岡部孝信、異次元を飛ぶ

 岡部孝信、STVカップ優勝。これで、金曜の札幌オリンピック記念(宮の森)、土曜のHTBカップ(大倉山)と合わせて、岡部が3連勝を飾った。

 岡部のジャンプは、すごかった。

 まず1本目。139.5mを飛んで、2位に14.5m/23.6ptもの差をつけた。

 そして2本目。岡部は自らスタートゲートを5段(2.5m)も下げて条件を悪くした。それでも、飛距離は128m。2位に約15pt差をつけての圧勝だ。

 これほど強い岡部、というか日本選手は久しぶりだ。他の有力選手が時速90km台で飛んで飛距離は130m前後というなか、岡部はゲートを3~4段下げて時速88.3kmで飛んだ。それでも飛距離は128m。飛び出しのスピードが1km違うと、飛距離に5mの差が出ると言われているので、岡部は単純に言っても他の選手とは10mの差があると言える。

 だが、岡部は今シーズンまだワールドカップシリーズで表彰台に立っていない(4位が最高)。逆に言えば、それだけ日本と世界に差がついてしまったということだ。だが、岡部なら、もう一度ワールドカップで勝つことも夢ではない。というか、今の状態を保てるなら、それは時間の問題と言える。

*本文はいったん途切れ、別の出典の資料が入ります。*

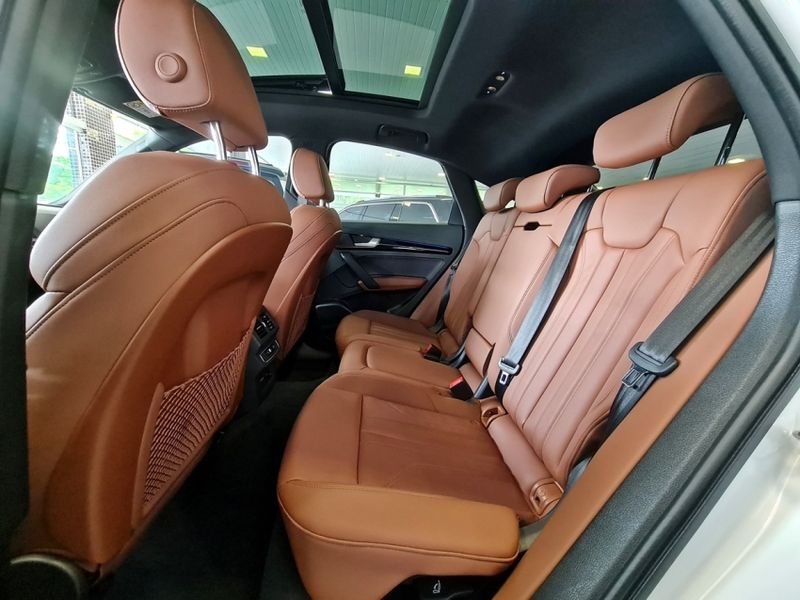 Audi Q5 2.0 55 TFSIE PHEV SPORTBACK PERFORMANCE BLACK QUATTRO S TRONIC 2022/2023 CARRO DEZ NOVO HAMBURGO / Carros no Vale Audi Q5 2.0 55 TFSIE PHEV SPORTBACK PERFORMANCE BLACK QUATTRO S TRONIC 2022/2023 CARRO DEZ NOVO HAMBURGO / Carros no Vale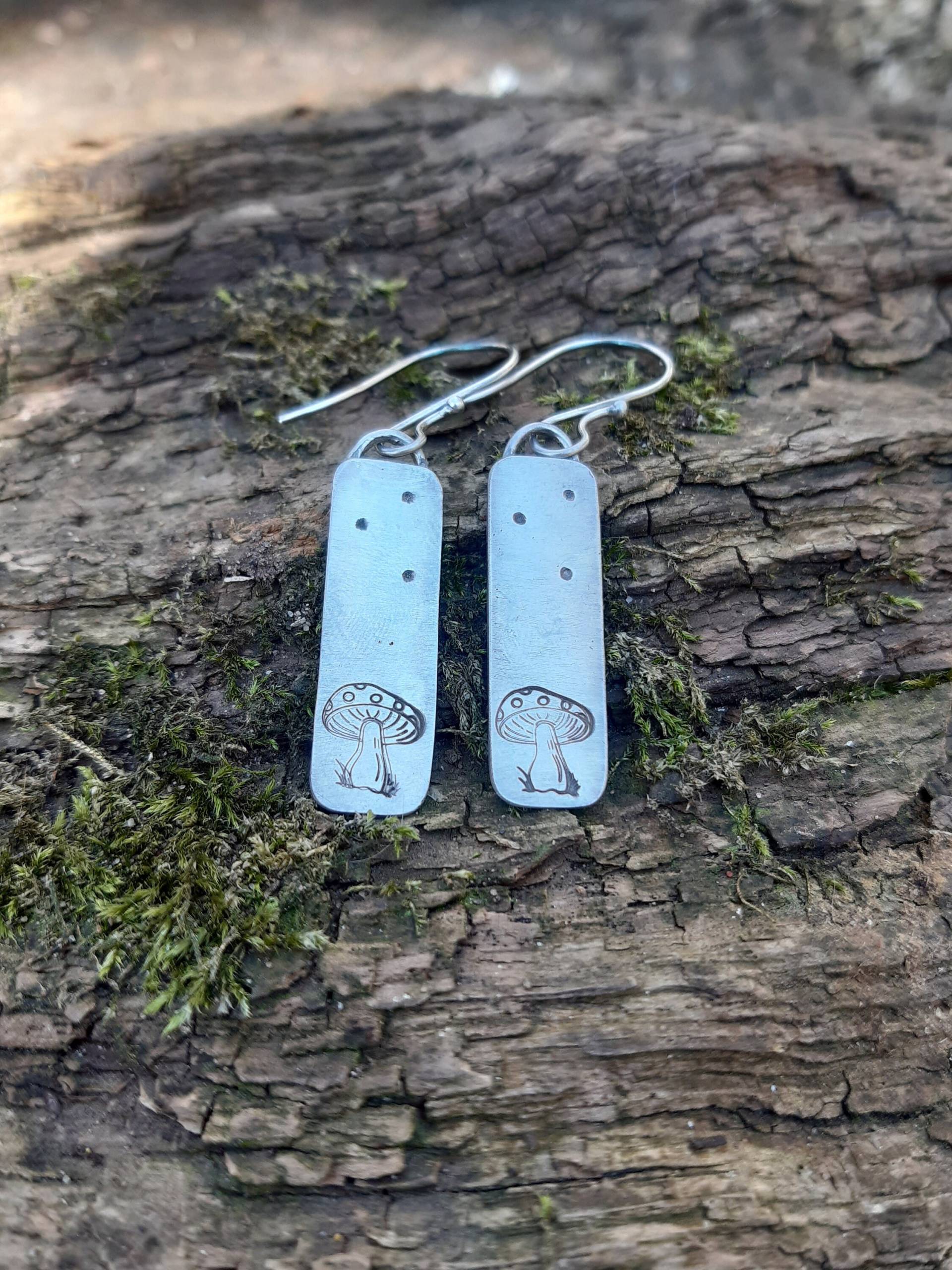 Handgefertigte Pilz-Ohrringe Aus Recyceltem Sterlingsilber Mit Handgestempeltem Design Und Moderner Rechteckiger Form Handgefertigte Pilz-Ohrringe Aus Recyceltem Sterlingsilber Mit Handgestempeltem Design Und Moderner Rechteckiger Form von GCSDesigns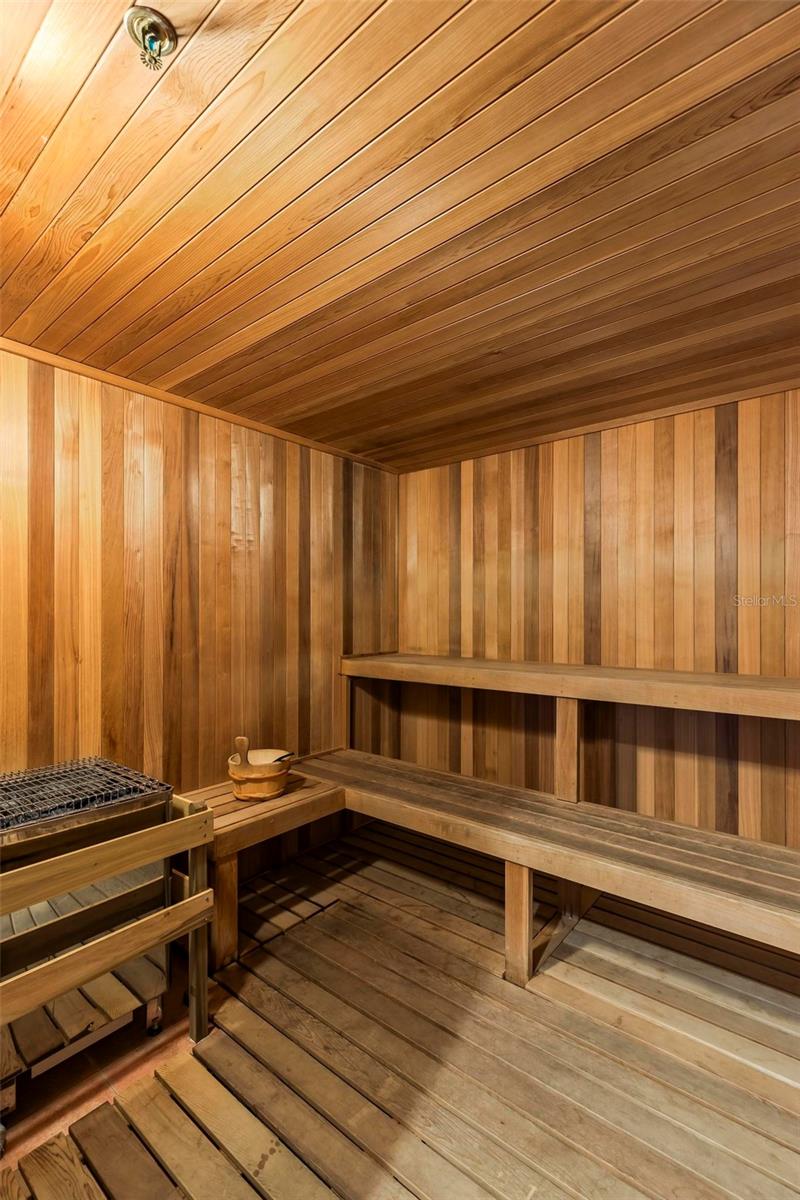 7 AVENUE DE LA MER #702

 以前は、絶頂期の原田が自らゲートを下げて飛び、「原田ゲート」と呼ばれるなど、日本のトップ選手のレベルは世界でもぬきんでたものがあった。なぜ、今のような低迷を招いたかは僕ごときが言うことではない。ひとつ言えるのは、「ルールが日本に不利なように変更されたから低迷した」という言い訳は、全くの誤りだったということだ。「ルール変更によって飛べなくなった」はずの岡部が、おそらく日本のジャンパー一ともいえる努力によって、これほどのジャンプを完成させているのだ。原因は、別のところにあったと考えるべきだ。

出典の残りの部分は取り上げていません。